#### SUPPLIED ENTRIES
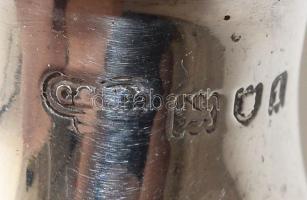 Ezüst (Ag) sószóró, jelzett 6,5 cm, 26 g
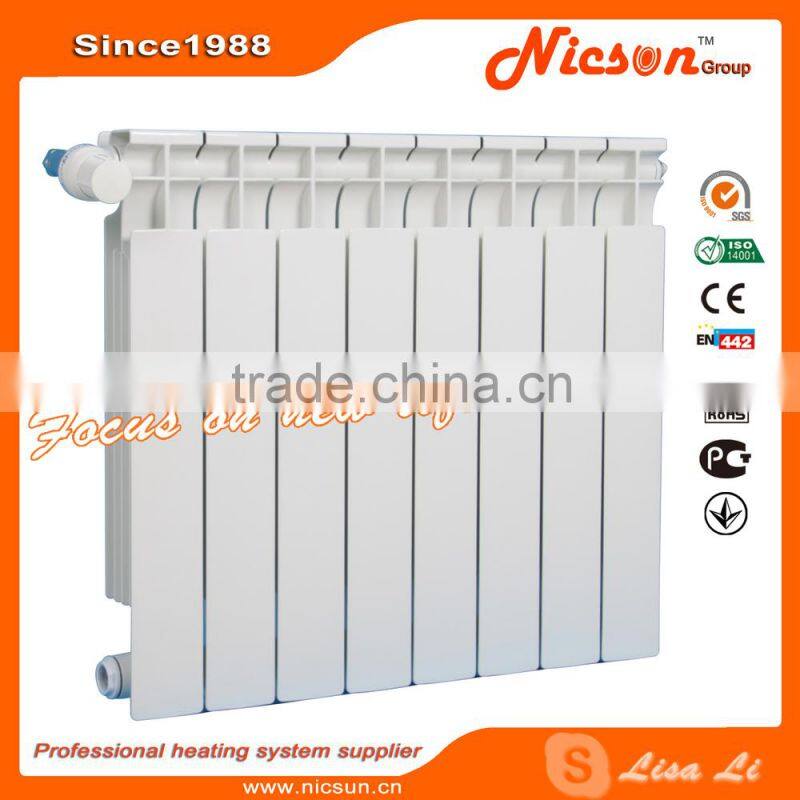 White salable water radiator
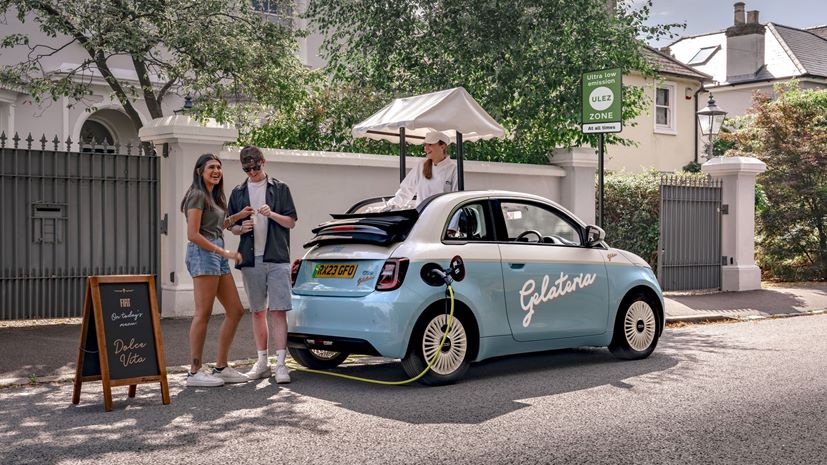 Fiat 500e Gelateria παγωτατζίδικο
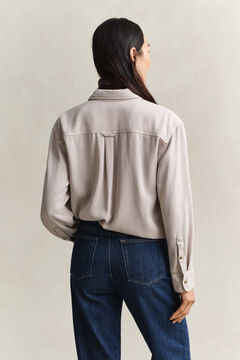 Denim Twill Ranger Shirt — CLAY BEIGE 2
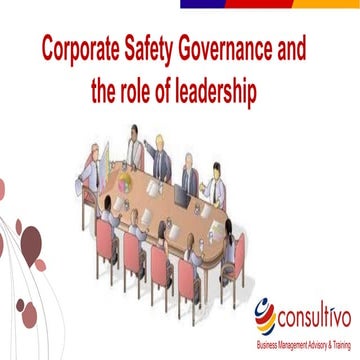 Corporate Safety Governance and Role of Leadeship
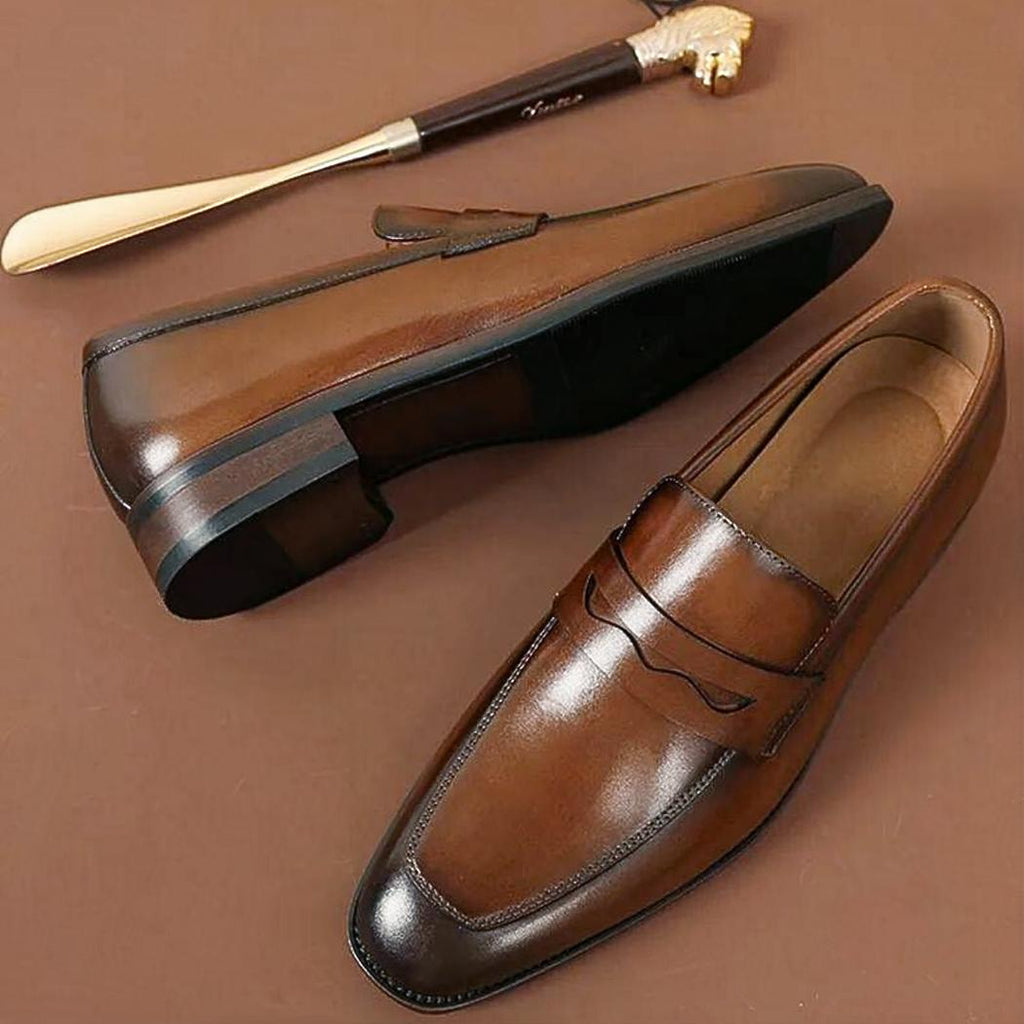 Mocassini eleganti in vera pelle per uomo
########
WHAT THE EXERCISE ASKS: The answer consists of the records repeated exactly, without any images.

TASK RESULT:
 Ezüst (Ag) sószóró, jelzett 6,5 cm, 26 g
 White salable water radiator
 Fiat 500e Gelateria παγωτατζίδικο
 Denim Twill Ranger Shirt — CLAY BEIGE 2
 Corporate Safety Governance and Role of Leadeship
 Mocassini eleganti in vera pelle per uomo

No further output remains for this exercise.